_EXERCISE DETAILS_
Write out the whole listing below exactly, skipping each picture.

_INFORMATION PROVIDED_

Content starts

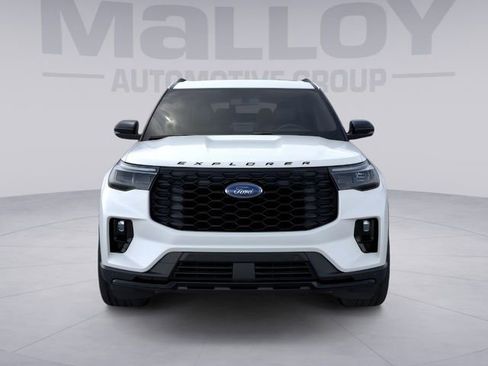 New 2026 Ford Explorer ST-Line w/ ST-Line Street Pack AWD/4WD image 6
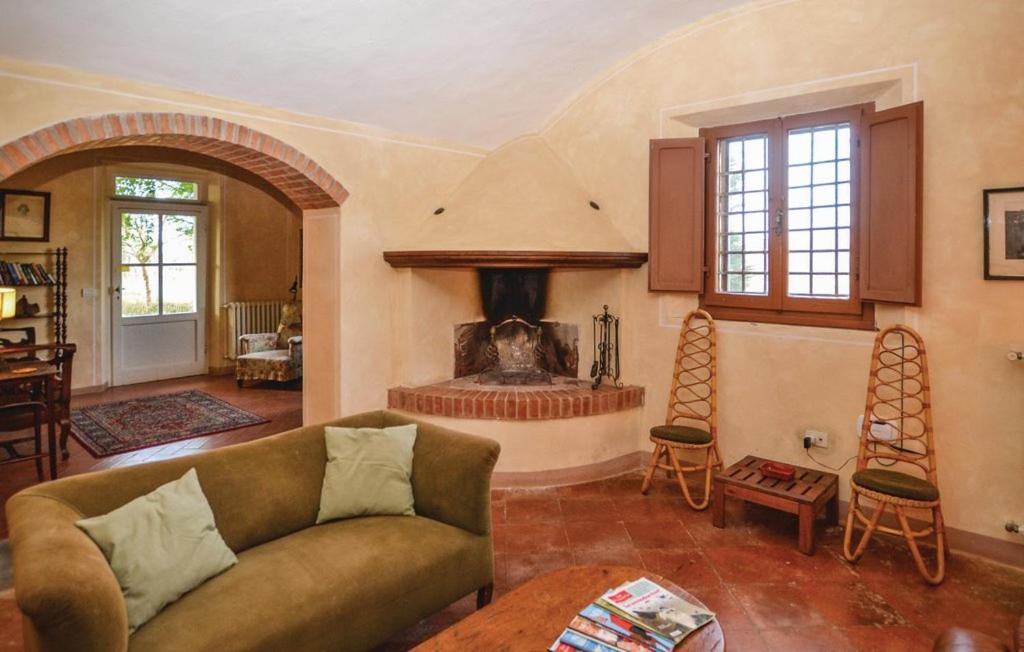 Tuscan Farmhouses at Castello del Calcione Estate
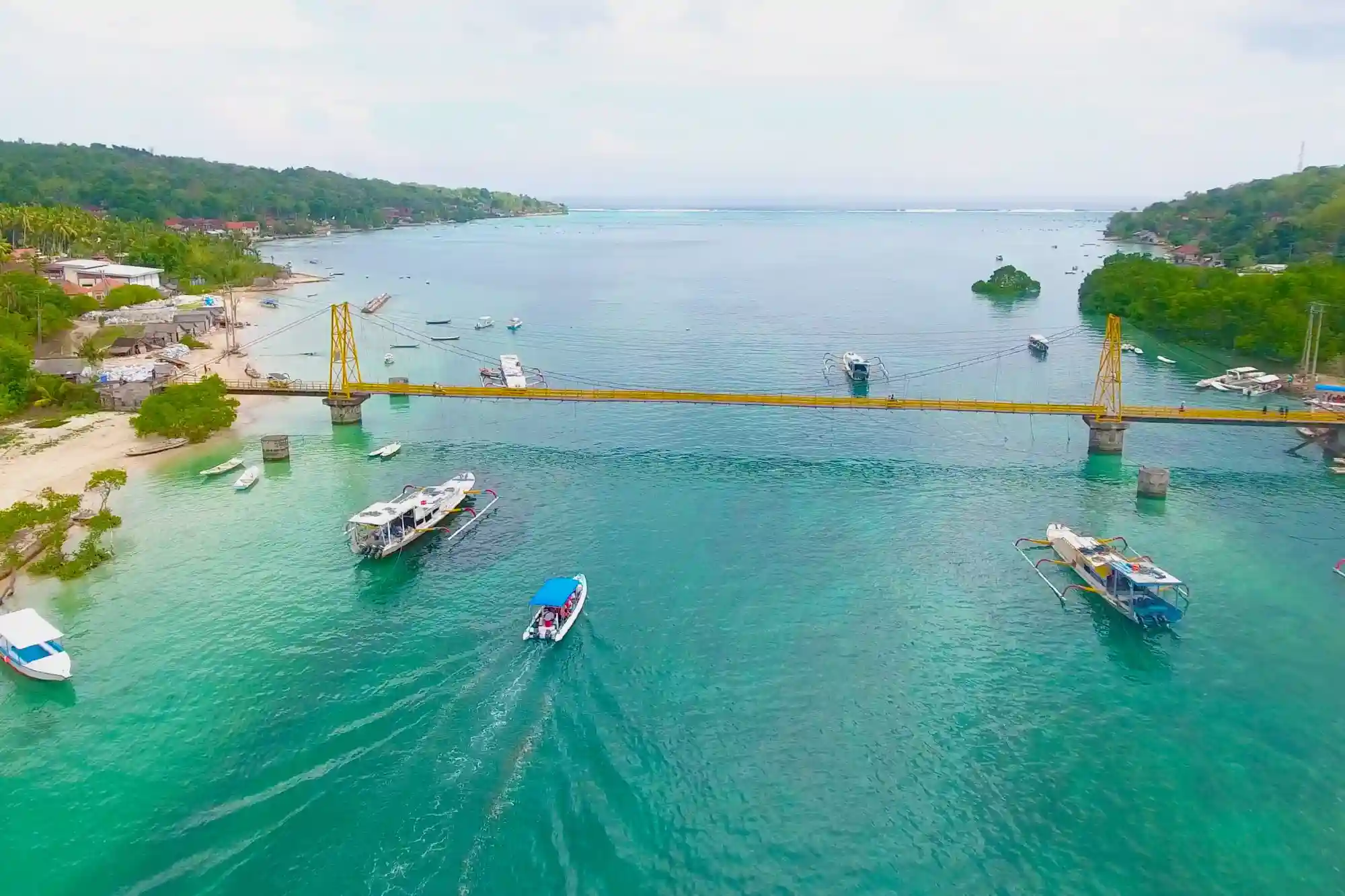 Island Hopping to Nusa Lembongan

Content ends

_SOLUTION TO THE PROBLEM_
 New 2026 Ford Explorer ST-Line w/ ST-Line Street Pack AWD/4WD image 6
 Tuscan Farmhouses at Castello del Calcione Estate
 Island Hopping to Nusa Lembongan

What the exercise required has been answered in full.